The Judgement was passed by the single Judge of Delhi High Court, which deals with the illegal distribution of news on social media platforms and the liability of the administrators of the groups as well as the social media platforms themselves.

Brief Facts of the case

Plaintiff is the publisher of leading newspaper “Dainik Jagran” which circulates both physically and digitally across India and it is accessible for free at its website and through paid subscription on E-Paper. The plaintiff is the registered Trademark owner of the Trademark Dainik Jagran and its variants thereof in several classes. 

Defendant No.1 i.e. Telegram FZ LLC is a Dubai based company which provides cloud based instant messaging and voice over IP service. Plaintiff claimed that the Defendant grant access and permission to the user of the application without disclosing the identity to such users, to create various channels which lead to the unauthorized circulation of the plaintiff’s e-paper in PDF form by several unidentified users i.e.

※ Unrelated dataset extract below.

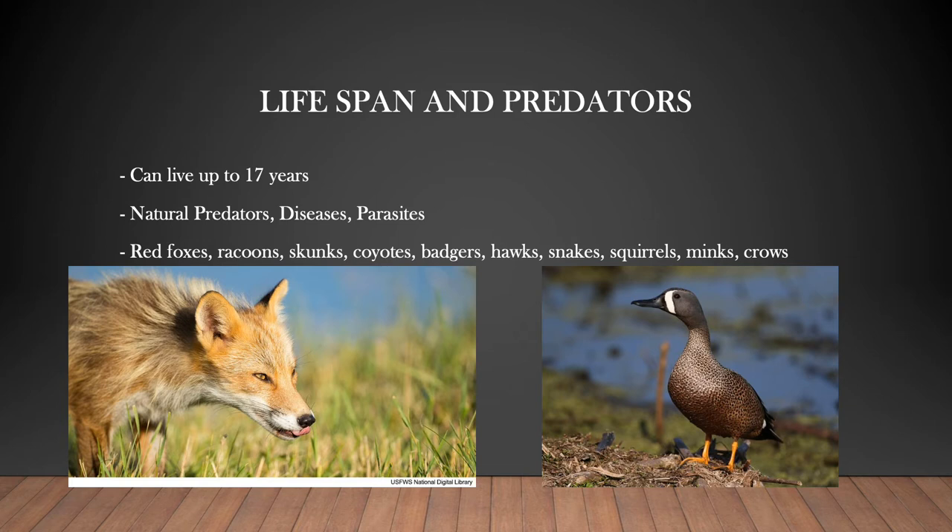In young teal, migration south during the fall and north in the spring is a high source of mortality, dodging predators and hunters. When it comes to the food chain, ducks are at the bottom of the list. Anything with sharp teeth would love to snack on a duck.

Defendant No.2. 

Plaintiff submitted that users have access to the PDF format of its e-papers to its users and can download it. Further they submitted that users can download the previous edition of e-paper which are only available to the paid subscribers of the plaintiff. 

Further the plaintiff averred that since the Defendant No.1 through Defendant No.2 was indulging into reproducing, adopting, distributing, transmitting and disseminating the e-paper, which resulted in Trademark and Copyright infringement and financial loss of the Plaintiff. The plaintiff has sent cease and desist notice to the Defendants as a subsequent reminder, to which defendant No. 1 did not respond. Thus Plaintiff filed an infringement suit before court.

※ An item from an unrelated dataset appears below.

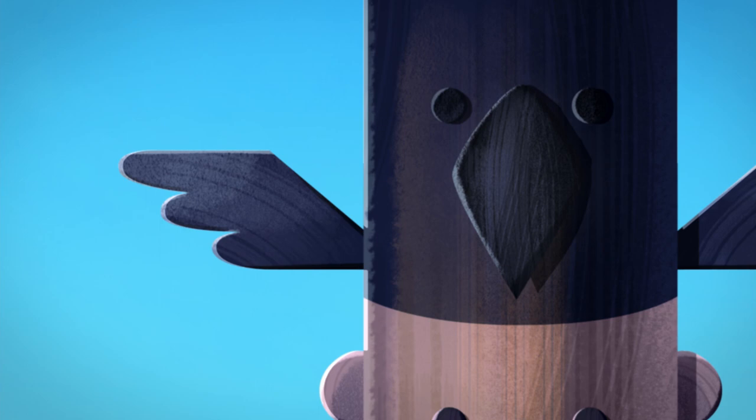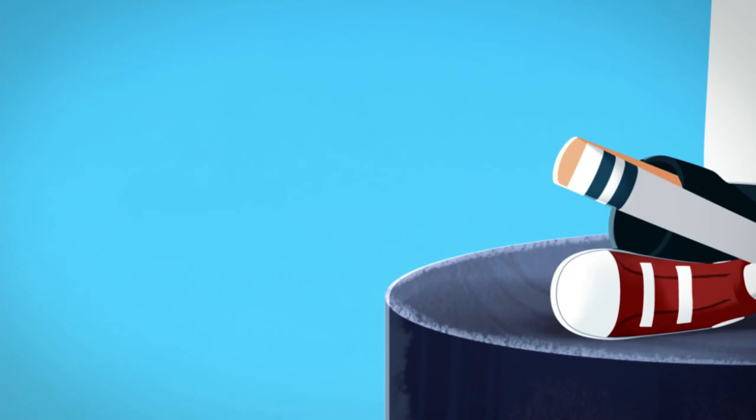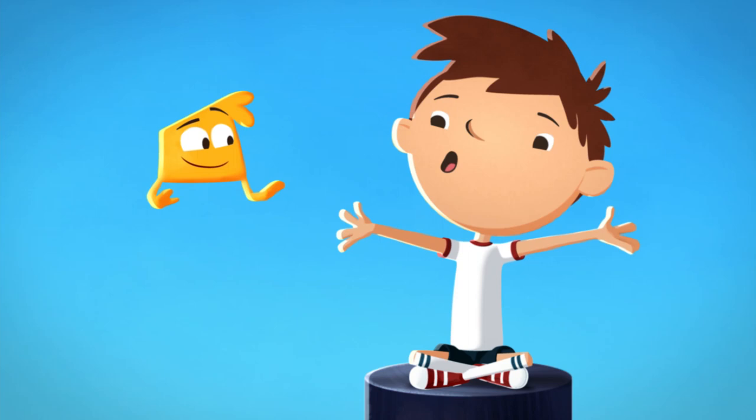Now let's see what's at the top! What has pointy knees and a mop of messy hair? I do! Ha!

The plaintiff also placed reliance on section 79 r/w rule 3 sub-rule 4 of the Information Technology, Act, 2011 and contended that since the Defendant No. 1 had failed to exercise due diligence and despite constant reminders had failed to pull down th channels within 36 hours, the Defendant No. 1 cannot escape from its liability on the ground that it is an intermediary.


The court passed its order on May 29, 2020, noted that Plaintiff has prima facie made the case in its favour and the balance of convenience also lies in the favour of plaintiff. Thus the court restrained defendants from using the channels and ordered them to block the same. Ad-interim injunction order was passed against defendants. Further the court also directed the defendant no. 1 to disclose the basic subscriber information or identity of the users or owners of the channels who have been impleaded as Defendant No. 2.


Curbing circulation of news is one of the pivot challenges for any government, entity or even media industry, dangerously circumventing one’s right to speech and expression. However, unauthorized circulation has also taken up as a form of digital piracy, threatening the inherent rights in such work. The present case can be seen as a commendable initiative taken up by the media house, Dainik Jagran to not only protect its pecuniary interest but also its intangible rights.